There is no such thing as second fundamental form in this situation! To define second fundamental form, you require that $S$ is a regular surface in $\mathbb R^3$. But in your description, you are given only the first fundamental form and not a regular parametrization (using your notation, $s$).
So you will have to calculate the Gaussian curvature using only the first fundamental form, which can be done using (e.g.)
$$\tag{1}K = -\frac{1}{2\sqrt{EG}}\left( \frac{\partial}{\partial u} \frac{E_u}{\sqrt{EG}} + \frac{\partial}{\partial v} \frac{G_v}{\sqrt{EG}} \right), $$
since in your case $F = 0$ (that is, no $dudv$ terms in the first fundamental form)
Remark 1: As suggested in the comment, the given first fundamental form can be realized as the one formed by stereographic projection from the sphere of radius $1/2c$: let $s : \mathbb R^2\to \mathbb R^3$ be given by
$$ s(u, v) = \left( \frac{u}{u^2+v^2+c^2}, \frac{v}{u^2+v^2+c^2}, \frac{u^2+v^2-c^2}{2c(u^2+v^2+c^2)}\right).$$
Then $$ s_u = \left(-\frac{2u^2}{(u^2+v^2+c^2)^2}+\frac{1}{u^2+v^2+c^2}, -\frac{2uv}{(u^2+v^2+c^2)^2}, \frac{2c u}{(u^2+v^2+c^2)^2} \right)$$ which gives
$$s_u\cdot s_u = \frac{1}{(u^2+v^2+c^2)^2}.$$ Similarly one checks $s_u \cdot s_v = 0$ and $s_v\cdot s_v = s_u\cdot s_u$. Thus $s$ gives the first fundamental form. Now you can use this explicit $s$ to calculate the second fundamental form, and from there, the Gaussian curvature.

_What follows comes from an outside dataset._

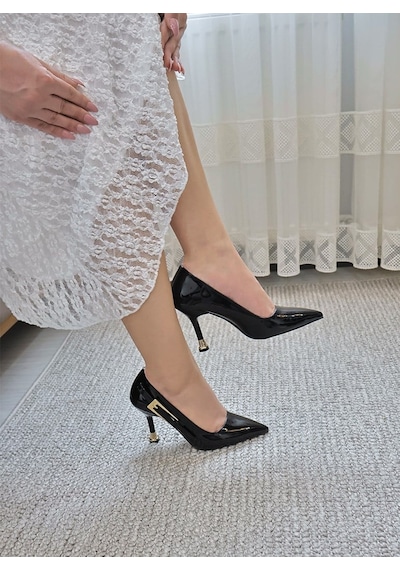 Asmi Shoes Kadın Jenny Siyah Rugan Stiletto Topuklu Ayakkabı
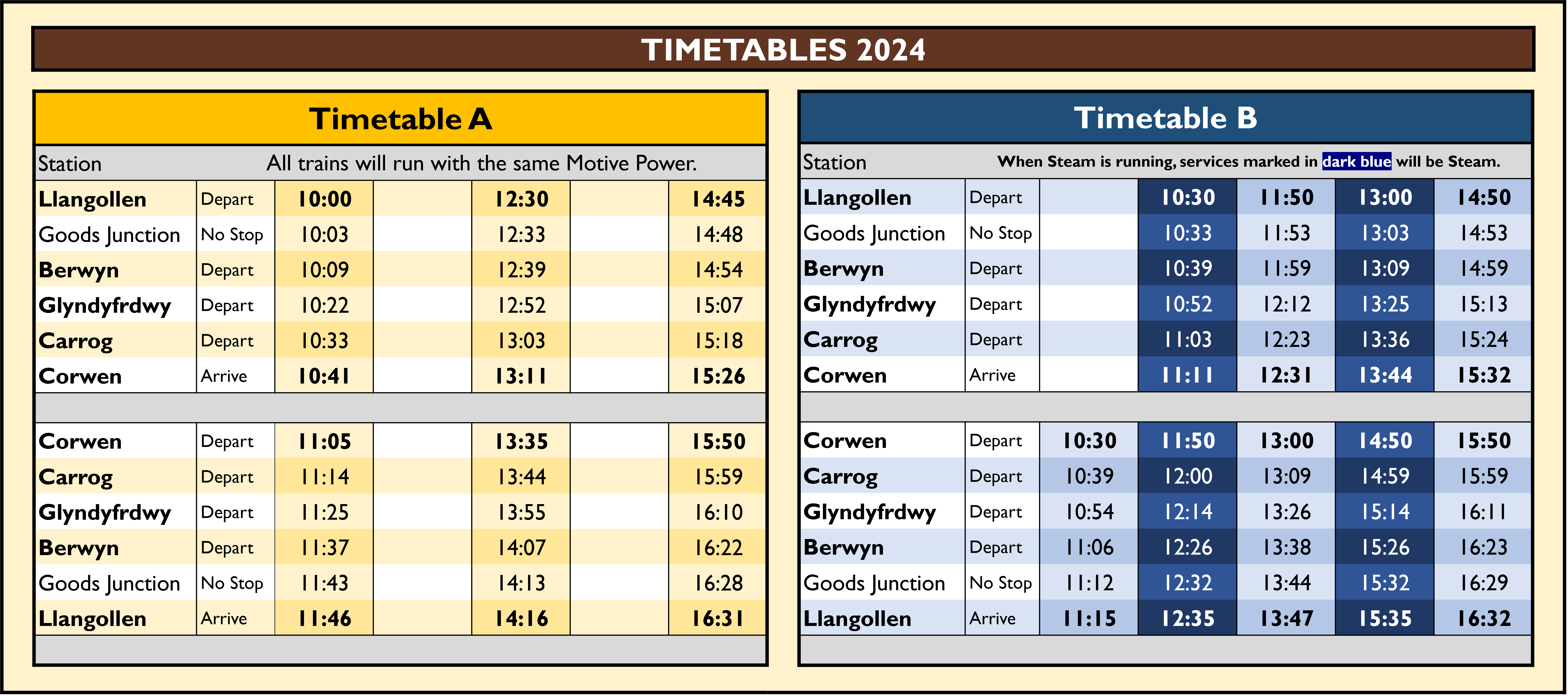 2024 Timetables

Remark 2: Strictly speaking, there is a gap in Remark 1: there might be another $s_2$ which induces the same first fundamental form, but different second fundamental form. Indeed, the regular parametrizations
$$ s_1 (u, v) = (u, v, 0), \ \ \ s_2 = (u, \cos v, \sin v)$$ induce the same first fundamental form: $du^2 + dv^2$, but $s_1$ has identically zero second fundamental form while $s_2$ isn't.
So one might wonder if that would gives us different Gaussian curvature. It is the Gauss's Theorema Egregium that tells you that this is not the case: the Gaussian curvature does not depend on the second fundamental form. So with Gauss's Theorema Egregium, one can just sticks with the parametrization given in Remark 1 and starts the calculation (well, but then it would be easier to just use (1), which is also a consequence of the same theorem).